▶ [What you have to do] Exact copy, no pictures: return all the data below as written.

▶ [Raw data]
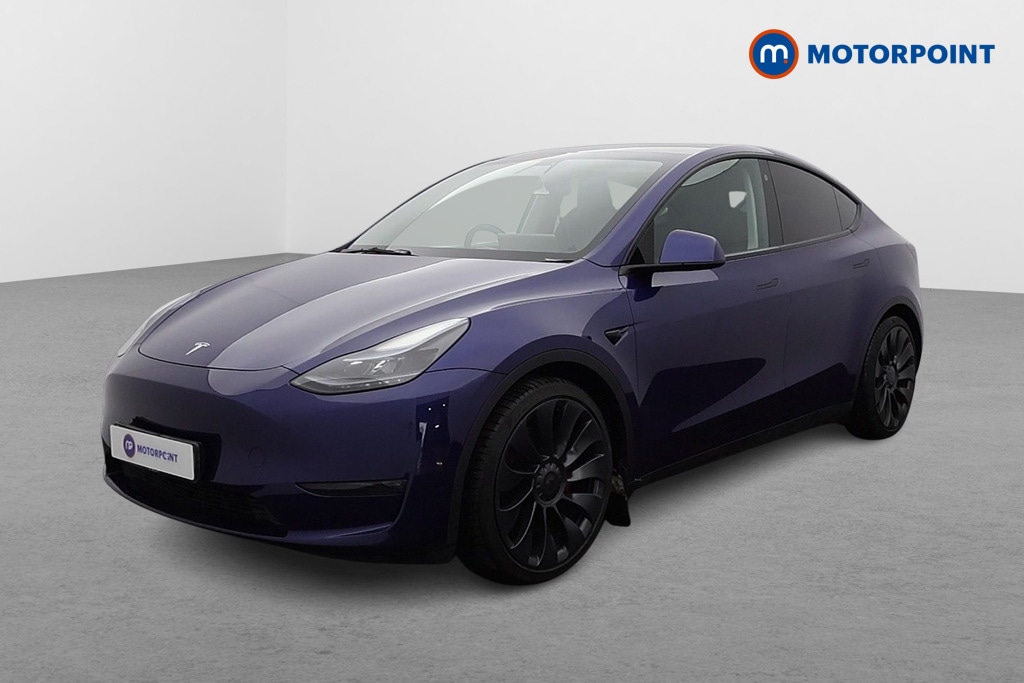 Used Tesla Model Y 2022 for sale - 77187180: Photo 3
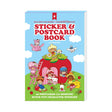 Part sticker book, part postcard set—this Hello Kitty & Friends x Pipsticks Sticker & Postcard Book is packed with colorful, sendable cuteness 💌 Featuring 20 postcards (10 unique designs) plus tons of matching character stickers, it’s perfect for decorating, collecting, or popping in the mail to make someone’s day. Each page is filled with bright, playful scenes and your fave characters, making it just as fun to flip through as it is to use.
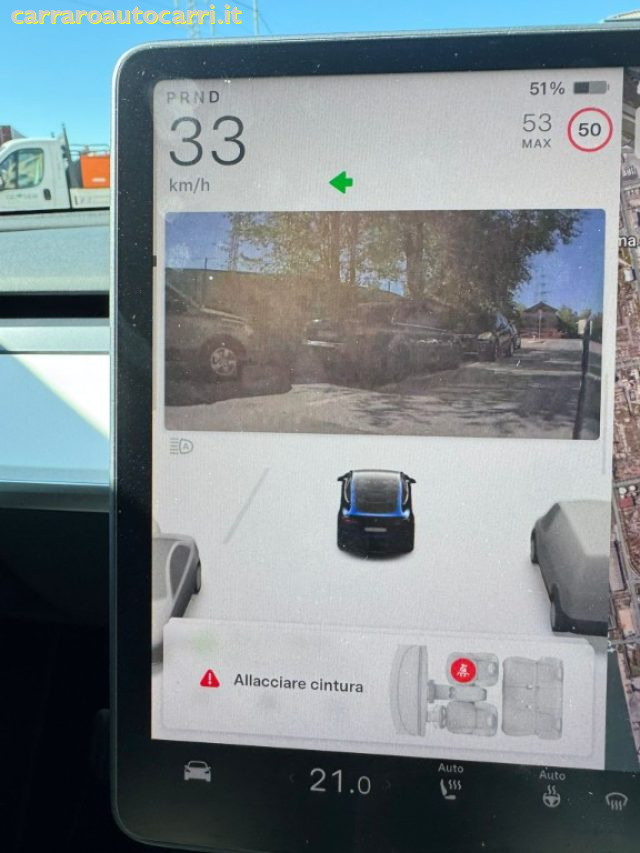Tesla Model Y Long Range AWD usato a MARGHERA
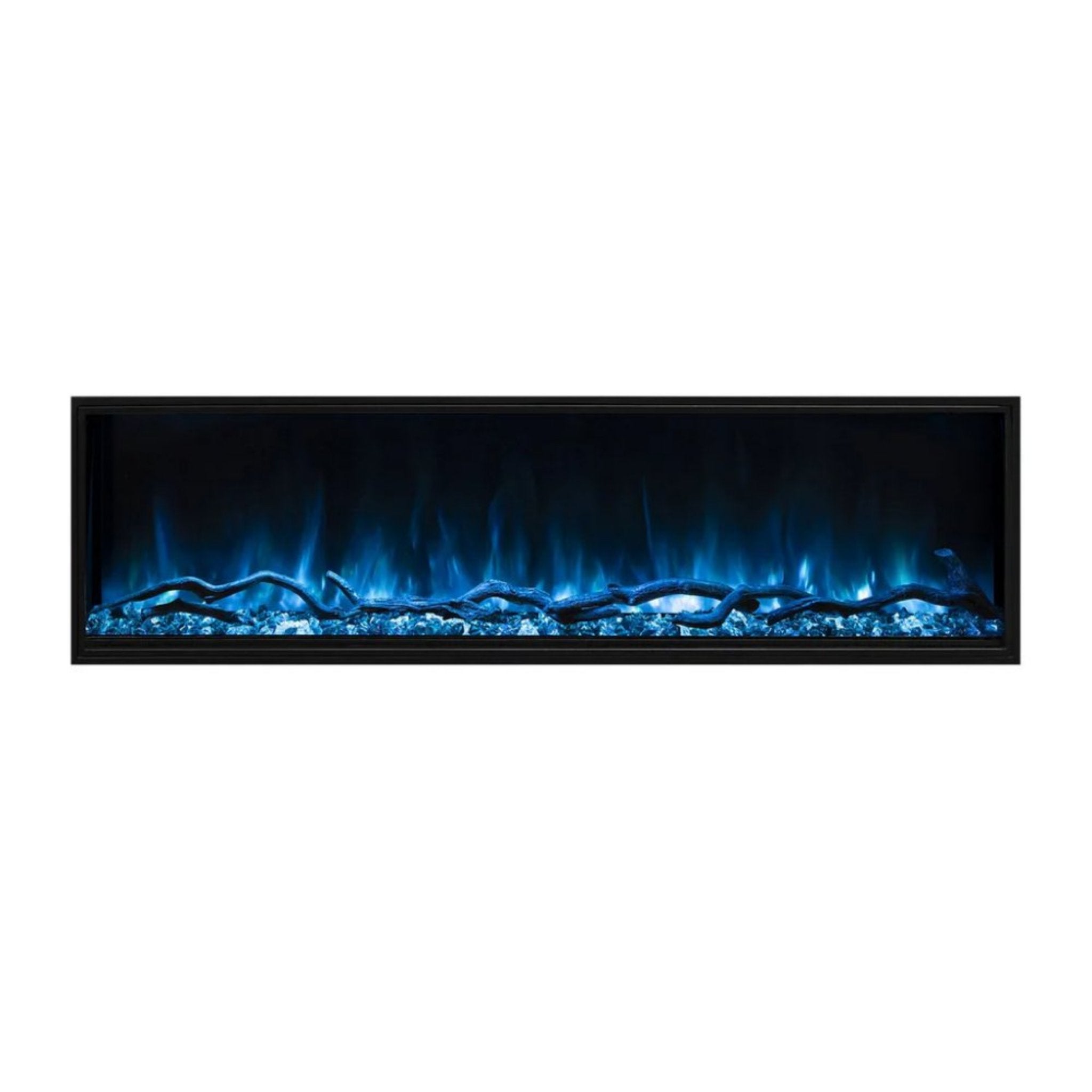 Modern Flames Landscape Pro Slim 68" Built-In Linear Electric Fireplace [LPS-6814] (SAK32129) - Energize Trek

▶ [Task result]
 Used Tesla Model Y 2022 for sale - 77187180: Photo 3
 Part sticker book, part postcard set—this Hello Kitty & Friends x Pipsticks Sticker & Postcard Book is packed with colorful, sendable cuteness 💌 Featuring 20 postcards (10 unique designs) plus tons of matching character stickers, it’s perfect for decorating, collecting, or popping in the mail to make someone’s day. Each page is filled with bright, playful scenes and your fave characters, making it just as fun to flip through as it is to use.
Tesla Model Y Long Range AWD usato a MARGHERA
 Modern Flames Landscape Pro Slim 68" Built-In Linear Electric Fireplace [LPS-6814] (SAK32129) - Energize Trek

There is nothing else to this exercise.